Primary guide: Meet the candidates in Senate District 10


| editorial@queenscourier.com

ELECTION

As the clock ticks closer to state primaries on Thursday, September 13, The Courier would like to provide you, the reader and the voter, with a fair, detailed guide of who is running in your district. We have provided a list of candidates, who they are, what they stand for and what they want to continue to do if they go on to the general election in November.

 

SENATE DISTRICT 10 

 

Name: Shirley Huntley

Party: Democrat

Current Position: State Senator for the 10th District

Personal Info: Prior to becoming senator, Huntley was elected to Community School Board 28 in 1993. In 1996, she was re-elected for a second term, and then was elected as president of the board, until its dissolution in 2004. In June 2004, Huntley was appointed by Borough President Helen Marshall to the Community Education Council for District 28 and elected president. Huntley presently resides in Jamaica, New York with her husband Herbert Huntley.

 

Name: Gian A. Jones

Party: Democrat

Current Position: Real estate professional

Personal Info: Jones, 34, is a Queens-native and a life-long resident of Far Rockaway, graduating from New York University. He first got involved in the politics of his community 20 years ago, at the age of 13, working closely with now Congressmember Gregory W. Meeks in his first bid for City Council in 1991 and in his subsequent, successful bid for New York State Assembly in 1992. Jones has held positions as president of the 101st Precinct Community Council, a member of the Queens County District Attorney’s Advisory Council and Community Board 14.  Currently, he is a member of the Council of Urban Professionals, the Thurgood Marshal Democratic Club and serves on the Board of Directors of the Rockaway Development and Revitalization Corporation.

Issues/Platform: Jones is concerned about all the issues that are important in the various communities in the district.  If elected, Jones will take pleasure in addressing those issues and will especially fight for any effort that creates a brighter future for our youth, meaningful economic development, better health care and improved education. Jones looks forward to bringing new vision and new energy to 10th Senatorial District.

 

Name: James Sanders

Party: Democrat

Current Position: Councilmember for the 31st District

Personal Info: Sanders attended Far Rockaway High School and earned his bachelor’s degree from Brooklyn College in 1984 after three years of service in the United States Marine Corps. When Sanders took office in 2001, he hit the ground running.  Over the past decade, he has recorded an impressive list of accomplishments that have improved the lives of people throughout the southeast Queens community. He’s authored the toughest anti-predatory lending bill in America, worked with community groups and the NYPD to host gun buyback programs that removed almost 1,000 guns from our streets, authored bills that have made it more difficult for minors to get access to bullets, conducted workshops for those in foreclosure, and worked with community groups to provide financial consultants to those in need.  Together with the civic groups and committed leaders of his community, he’s worked to rebuild public parks, open up access to clean spaces, build playgrounds and introduce new technologies into our schools and keep our streets safe.

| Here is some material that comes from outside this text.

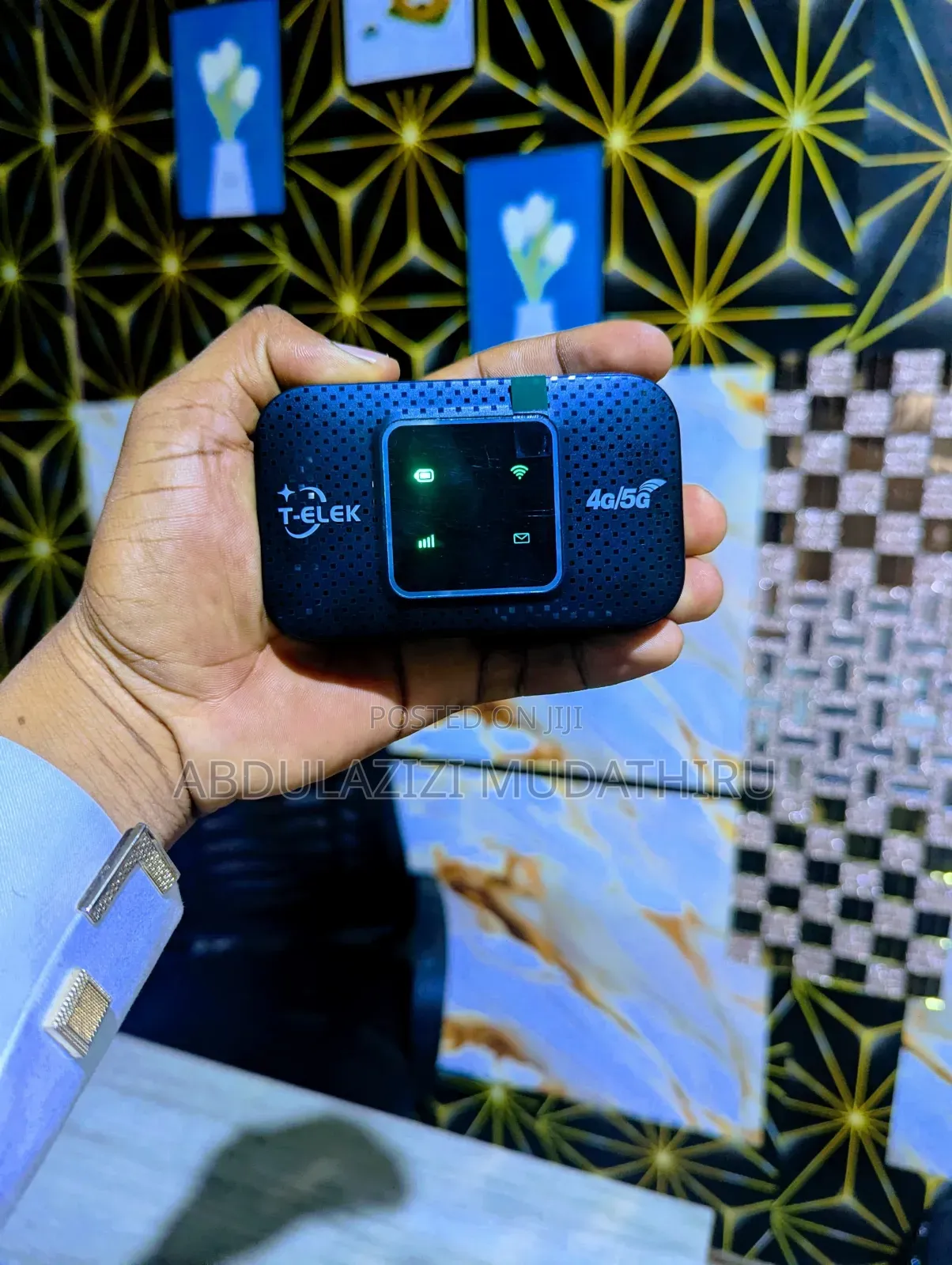 T-Elek Wifi Universal Router for Unlimited Data With Yas and Vodacom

Issues/Platform: The major issues confronting the councilmember include economic development, jobs and quality of life issues. Sanders has spent years encouraging major developers to come to his area and increase the quality of the education our youth receive. We need to combine the funding and expertise of major companies with the vision and ambition found in the hearts and minds of young entrepreneurs, he said. Education is the key to building up communities. He believes the next generation cannot build up communities if we do not supply them with the tools to do so. Sanders aims to not only say that the children are our future, but to truly treat them as such and provide for their future.

 

Meet more candidates:

Senate District 15

Senate District 16

Assembly District 25

Assembly District 33

 Assembly District 38

 

Race for Lancman’s seat heats up as he declines district leader nom


| mchan@queenscourier.com

A defeated congressional hopeful abandoned his run for re-election as party district leader, giving his county-backed opponent an uncontested free ride to the September election.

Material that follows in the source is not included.